Saímos correndo pelos corredores, saímos e fomos até o estacionamento, sentei para recuperar o folego enquanto observava Annabel tentando se equilibrar em cima de um murinho, eu disse a ela que deveria aprender como se lamentava se quisesse me acompanhar aos funerais, pois não foi muito convincente encenando, ela riu e começou com seus lamentos falsos.

— Outra vez – eu disse.

— “Lamento muito a sua perda” – ela disse tentando fazer voz de convincente.

— Você vai pegar o jeito. – eu encorajei ela.

— Diz outra – ela me pediu.

— “Sinto muito pela sua perda.
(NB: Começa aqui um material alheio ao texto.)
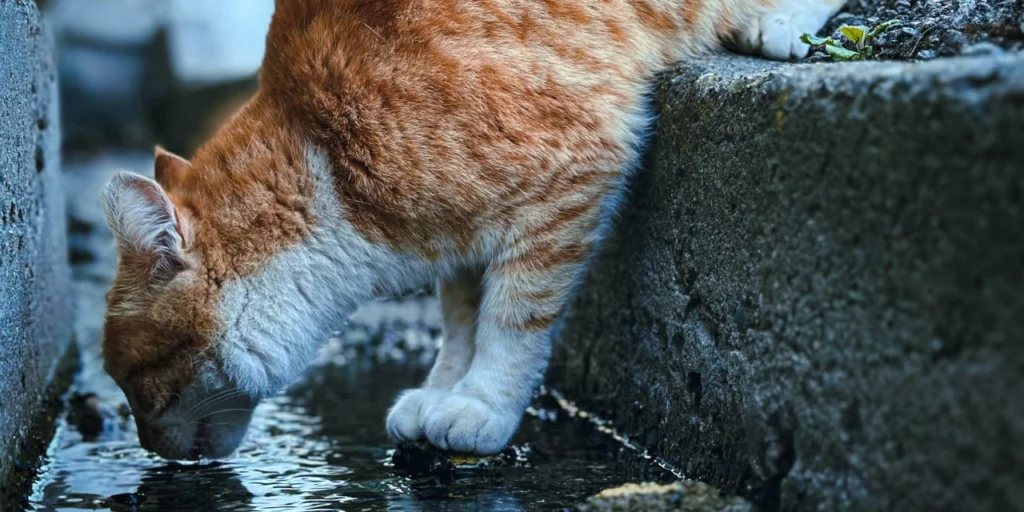 Importancia agua fresca para gatos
Ele fará falta” – recitei com voz de tristeza, e com a experiência que eu tinha.

— “ Vamos rezar por vocês nessa hora difícil.” – ela continuou.

— Formal demais. – eu disse.

— É mas eu gosto – ela sorriu.

— Não me chamo Marcus, você sabe.

— Eu imaginava. – ela continuava tentando se equilibrar para lá e para cá no murinho – Não sei por que o escolhi, você não tem cara de Marcus.

— Eu me chamo Enoch – disse ao me levantar e continuar a observa-la.

— Bem melhor. Sou Annabel, mas já te disse isso.

Ela parou e se sentou, tirou o chapéu e pude ver finalmente seus cabelos, eram de um loiro escuro, curto como o meu, bem radical ter o cabelo curto na idade dela. Todas as meninas que conheci, bom não foram muitas mas de todas elas, de todas que vejo, sempre com os cabelos longos e cheios, mas o dela era assim, nada de mais, combinava com ela e a deixava bonita.

Bom, eu não queria pensar nela desse jeito, eu nem queria pensar nela na verdade, mas era inevitável, ela era bonita e eu não podia negar, a pele dela era de um pêssego perfeito, eu não sou de demonstrar o que sinto, guardo pra mim porque acho que assim que deve ser, sou estranho, sou um nada, ninguém se importa.

Ficou um silencio constrangedor por uns três minutos e me senti obrigado a falar alguma coisa.

— Você conhecia o garoto com câncer? – perguntei.

— Quê? O garoto do outro funeral? Ah, sim, sou voluntaria no hospital, na ala Webber.

— É onde fica os jovens cancerosos?

— “Jovens com câncer”. – ela me corrigiu.

— Deprimente. – eu disse sentando novamente.

— Não acho – ela disse, puxando a bolsa para pegar um livro.

— O que está lendo?

— Uma nova biografia do Darwin.

— O cara da evolução?

— É. É, tipo, meu favorito. – ela disse com orgulho.

— Por quê?

— “Por quê”? Porque é o pai da melhor ideia que uma pessoa já teve. Sem falar a sua genialidade... para entender a natureza revelada diante dele. E talvez por ser a mente cientifica mais importante... que jamais existiu ou existirá na historia da historia.

— Enquanto ao Einstein? – disse eu, já sem argumentos para arrebatar.

— O que tem ele?

— Tudo bem. Bom vou pra casa e tal. – disse já me levantando, o sol já estava se pondo quando me dei conta de que a conversa tinha chegado em um ponto que eu não queria continuar por falta de conhecimento.

— Tá, eu também.

— Valeu por ter me ajudado. – dei um pulo sobre o murinho onde ela estava logo antes se equilibrando e caminhei até a rua

— Quando quiser. – escutei ela dizer.

Peguei o ônibus para casa, o dia já estava acabando, passou tão rápido que nem tive tempo para brigar com meus pensamentos como eu fazia todos os dias. Já era noite, eu sorri caminhando na rua escura, sorri porque o dia foi insano, diferente ou melhor extraordinário. Pela primeira vez em anos eu não quis estar morto, não agora, não naquele momento. Não.